Astronomers have discovered a mysterious group of giant, aged stars at the heart of the Milky Way, emitting solar system-sized clouds of dust and gas.

The stars, which were called “old smokers”, sat still for many years, fading almost to invisibility, before suddenly blowing out huge clouds of smoke. The discovery was made while monitoring nearly a billion stars in infrared light during a 10-year survey of the night sky.

“They sit there and just suddenly throw matter off,” says Prof Philip Lucas of the University of Hertfordshire, who led the observations. “This is a new kind of star and they all seem to be clustered together in the same part of the sky, very close to the center of our Milky Way galaxy.”

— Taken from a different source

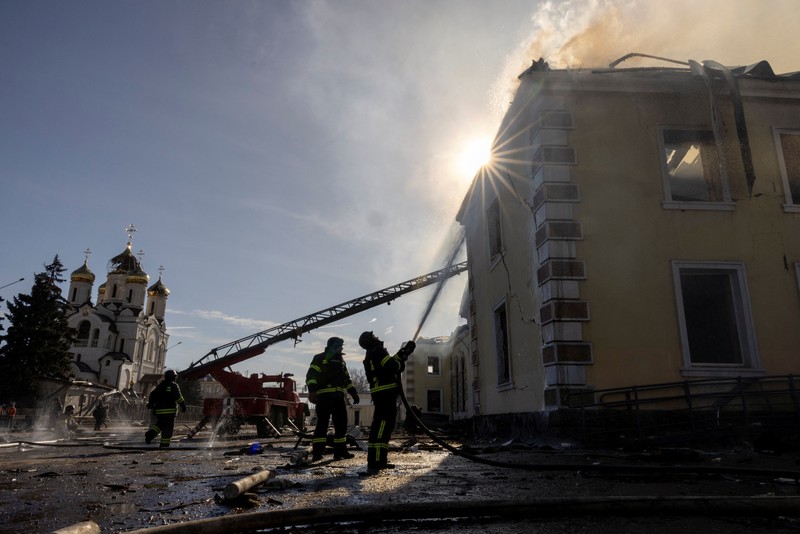Suasana usai serangan rudal Rusia yang menghancurkan stasiun kereta api di Kostyantynivka, Minggu (25/2/2024). (REUTERS/Thomas Peter) Suasana usai serangan rudal Rusia yang menghancurkan stasiun kereta api di Kostyantynivka, Minggu (25/2/2024). (REUTERS/Thomas Peter)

The astronomers began to capture rarely seen newborn stars – known as protostars – as they underwent the equivalent of a stellar growth spurt. During these periods, young stars rapidly gain mass by feeding on surrounding star-forming gas, leading to a sudden increase in brightness.

The team tracked hundreds of millions of stars and identified 32 erupting protostars that increased in brightness at least 40-fold and in some cases more than 300-fold.

However, another group of red giant stars near the center of the Milky Way turned up unexpectedly in the analysis. When studied in more detail with the European Southern Observatory’s Very Large Telescope, seven of the stars were found to be a new type of red giant star, which the researchers called “old smokers”. Convection currents and instabilities within the star could cause the release of enormous plumes of smoke, Lucas suggested.

“These are solar system-sized clouds,” Lucas said. “Our guess is that these are dust clouds in one direction, possibly from one spot on the surface of the star.”

The findings have wider significance because material released by dying stars into interstellar space seeds the next generation of stars.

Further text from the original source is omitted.